_Task goal_
From first line to last, transcribe the listing exactly and skip any image.

[Opening Working data section]

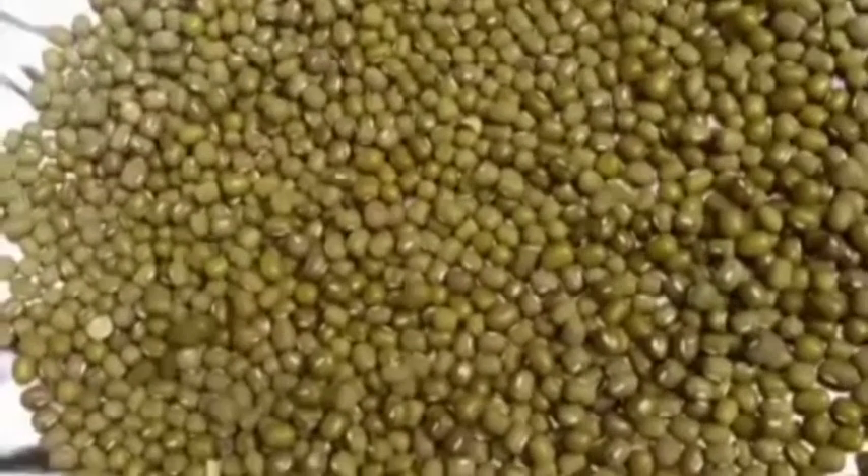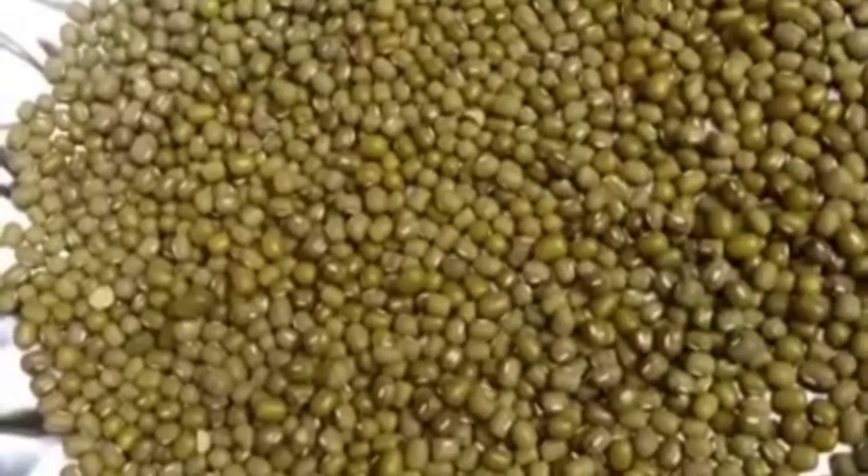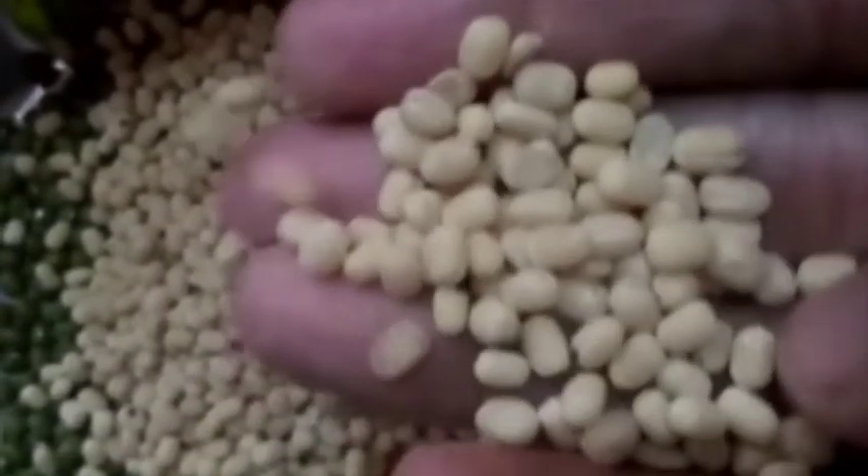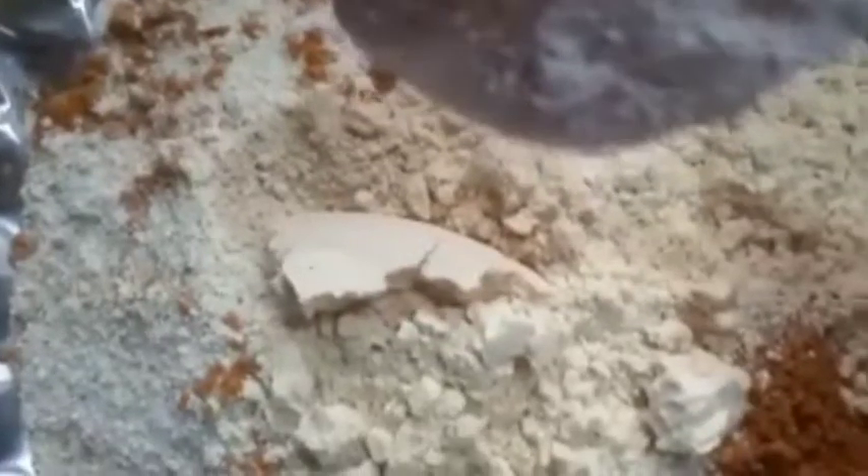Next, I am going to show you a bathing powder. When we grind it, we will consistently add 2 tablespoons of water. We will add 2 tablespoons of water, then 3 tablespoons of water, then 1 tablespoon of water.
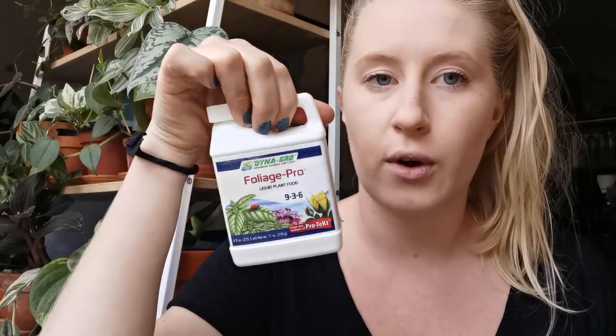Today I'm going to be using Foliage Pro, and I'm also going to show you the ratio for using calcium — dolomite lime — because I need to fertilise my maculosa. I still haven't done it yet and I'm going to give it some calcium because it's quite calcium deficient. So yeah, I'm going to show you guys that and fertilise some of the plants.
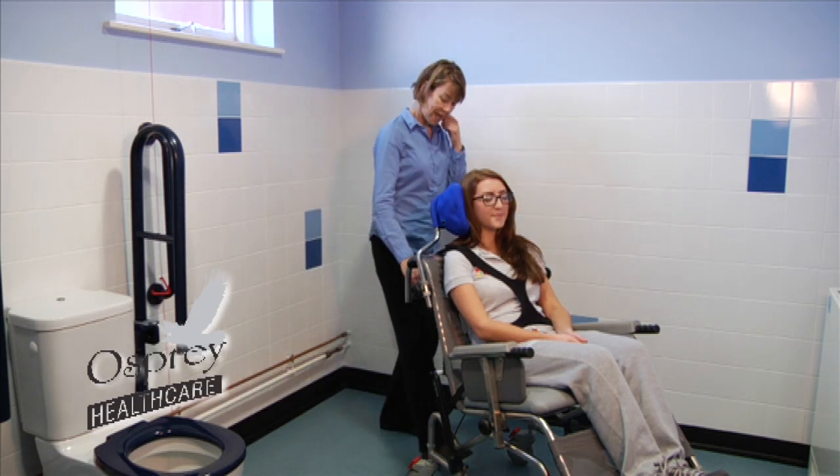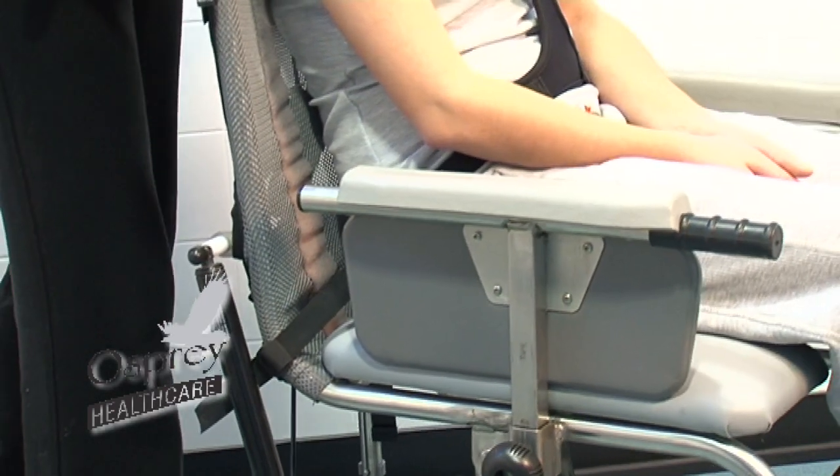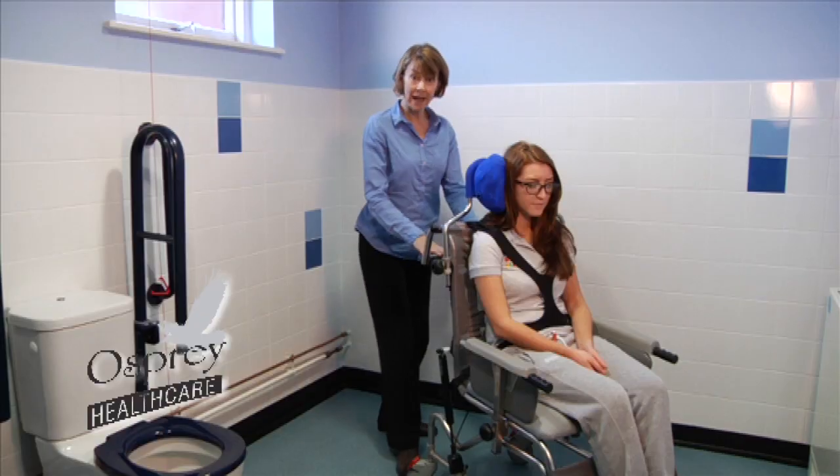To bring the person back up again, it's simply a matter of squeezing that lever, and the chair and the gas struts will bring the chair back up. Again, there's a powered version if need be.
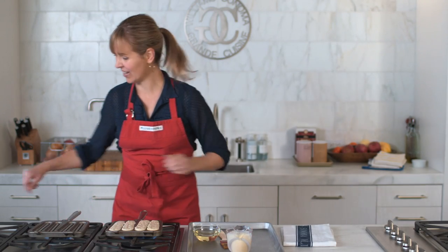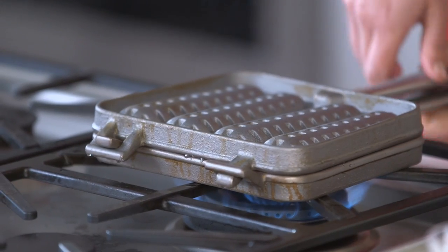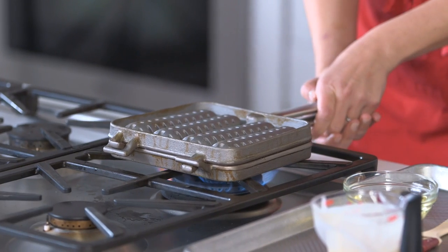Now watch this — I'm just going to take the other side, pop it on top, and give it a quick flip and let it go for about two minutes. Then turn the pan over one more time and cook for a minute or two more.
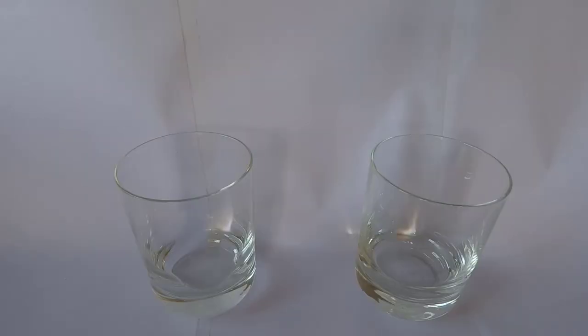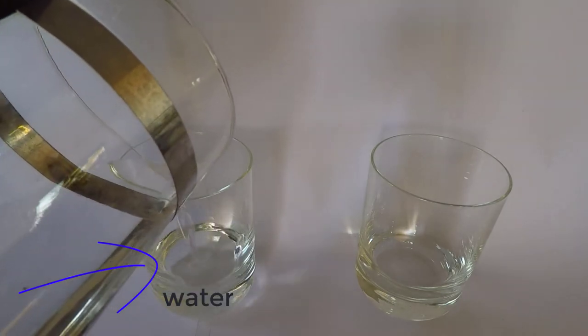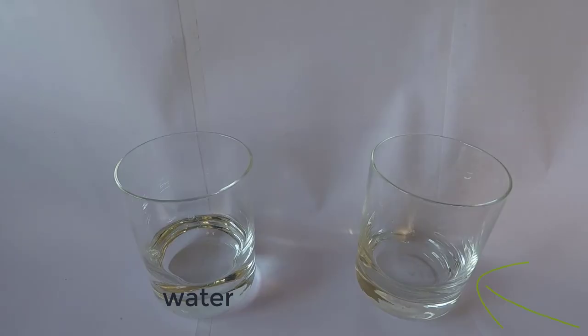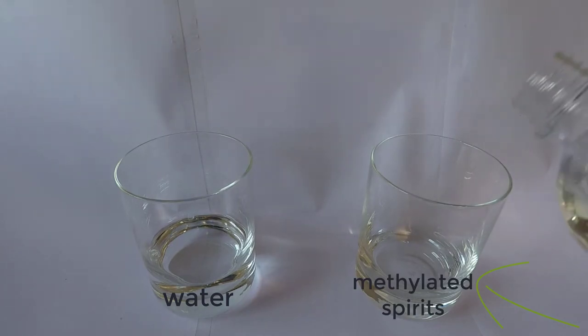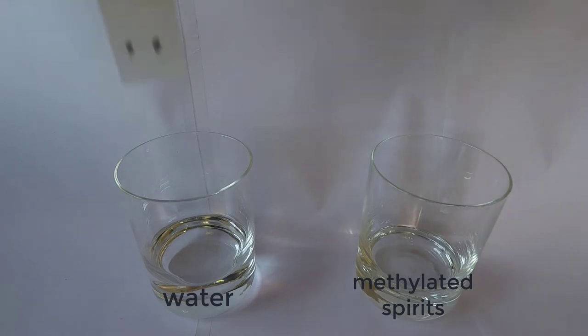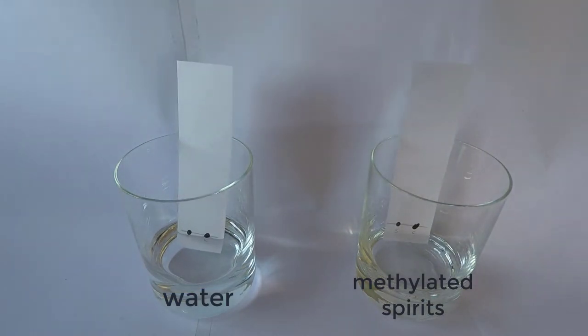Once I'd set up all the paper I wanted to use, it was time to prepare my two containers full of solution. To the left hand side container I added just plain water, while on the right hand side I added the methylated spirits. I then added my two strips of paper with my black marker, one to each solution.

[Closing Working data section]

_Solution to this task_
Next, I am going to show you a bathing powder. When we grind it, we will consistently add 2 tablespoons of water. We will add 2 tablespoons of water, then 3 tablespoons of water, then 1 tablespoon of water.
Today I'm going to be using Foliage Pro, and I'm also going to show you the ratio for using calcium — dolomite lime — because I need to fertilise my maculosa. I still haven't done it yet and I'm going to give it some calcium because it's quite calcium deficient. So yeah, I'm going to show you guys that and fertilise some of the plants.
To bring the person back up again, it's simply a matter of squeezing that lever, and the chair and the gas struts will bring the chair back up. Again, there's a powered version if need be.
Now watch this — I'm just going to take the other side, pop it on top, and give it a quick flip and let it go for about two minutes. Then turn the pan over one more time and cook for a minute or two more.
Once I'd set up all the paper I wanted to use, it was time to prepare my two containers full of solution. To the left hand side container I added just plain water, while on the right hand side I added the methylated spirits. I then added my two strips of paper with my black marker, one to each solution.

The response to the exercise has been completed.